The recall covers 2018-2022 model year Expeditions and Navigators built at Ford’s Kentucky Truck Plant between May 2017 and October 2022. The culprit is the front seatbelt retractor pretensioner, a pyrotechnic device designed to cinch the belt tight during a crash. In these trucks, it can fire when there’s no crash at all.

When it goes off, the belt locks down hard. It won’t retract. It won’t extend. The occupant is pinned.

Ford acknowledges the deployment itself can injure people, given the violent force a pretensioner generates when it fires. A belt frozen in place won’t protect anyone properly in an actual collision, either. So you get a device meant to save your life that can both hurt you and then fail to do its job when it counts.

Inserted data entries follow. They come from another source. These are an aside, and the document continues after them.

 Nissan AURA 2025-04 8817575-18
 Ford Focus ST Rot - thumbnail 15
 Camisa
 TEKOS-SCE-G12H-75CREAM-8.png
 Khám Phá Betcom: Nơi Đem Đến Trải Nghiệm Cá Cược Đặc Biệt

The root cause is chemical. The propellant inside certain pretensioners degrades when exposed to sustained high temperatures over time. As it breaks down, corrosive byproducts eat away at internal components, eventually triggering a spontaneous deployment.

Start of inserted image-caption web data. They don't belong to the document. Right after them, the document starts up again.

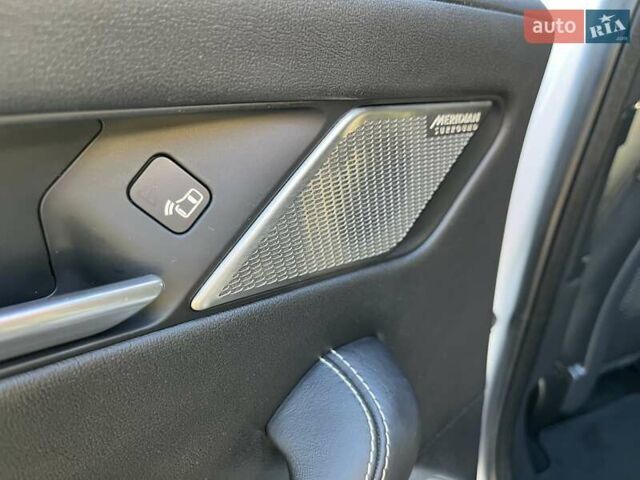 Ягуар I-Pace 2021 в Львове на Automoto.ua Белый Ягуар I-Pace, объемом двигателя 0 л и пробегом 37 тыс. км за 37000 $, фото 45 на Automoto.ua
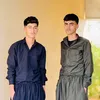 bawan.91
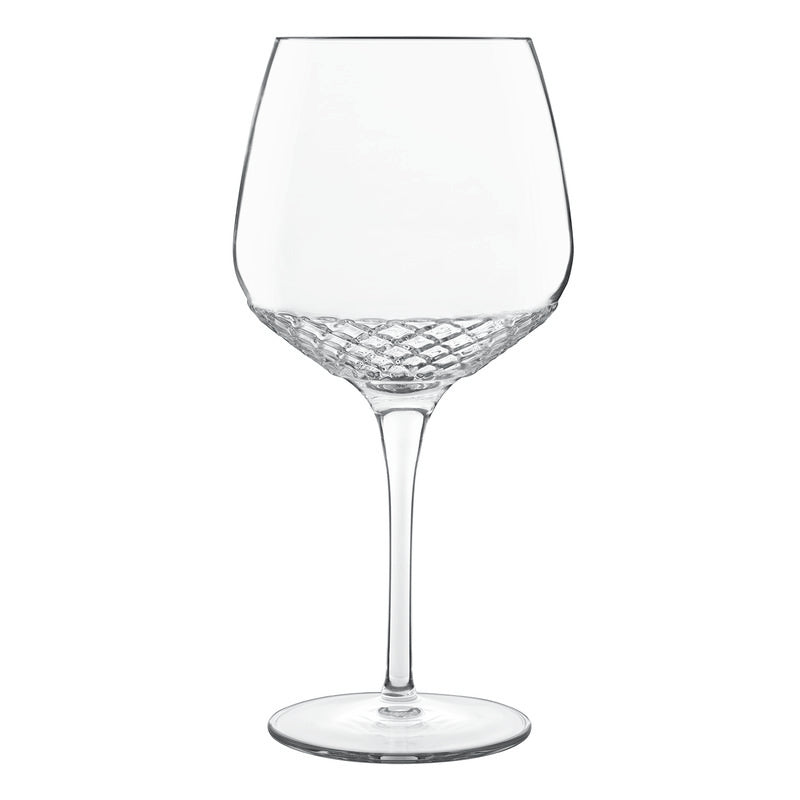 Gin Glass, 27.25 oz., Roma 1960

Owners in Sun Belt states who park outside should be paying particularly close attention. Ford says an illuminated airbag warning light on the dashboard may precede the event. That’s cold comfort if the belt fires while you’re merging onto a highway at 70 miles per hour.

This is the third recall Ford has issued for the same underlying defect on the same vehicles. The automaker warns that trucks previously repaired under earlier campaigns may still need inspection under this expanded action. That means some owners are making their third trip to the dealer for a problem Ford first identified and supposedly addressed years ago.

The fix this time involves inspecting both front seatbelt retractors and replacing suspect units with parts using a revised propellant and stabilizer combination. Ford says the new chemistry offers “improved long-term chemical stability,” which is a polite way of admitting the original formulation wasn’t stable enough. Repairs begin in late summer at no cost to owners.

The 419,967 vehicles affected represent a significant chunk of Ford’s full-size SUV production over a five-year window. The Expedition and Navigator are among the most profitable vehicles Ford builds, with transaction prices routinely exceeding $60,000 and climbing well past $100,000 for loaded Navigators. These are family haulers, road-trip trucks, the kind of vehicles where second-row passengers are often children.

Ford has been dealing with a steady drumbeat of recall activity across its lineup. Just recently, the company told 4,653 Maverick and Bronco Sport owners to park their vehicles entirely over a separate safety concern. The volume and repetition of these actions raise a straightforward question about quality control at Kentucky Truck Plant during that 2017-2022 production span.

Three bites at the same apple is not a great look for any automaker, especially on a component as fundamental as a seatbelt. Ford says the new parts are better. Owners will find out if that’s true in a few years, or sooner, if they end up back at the dealer a fourth time.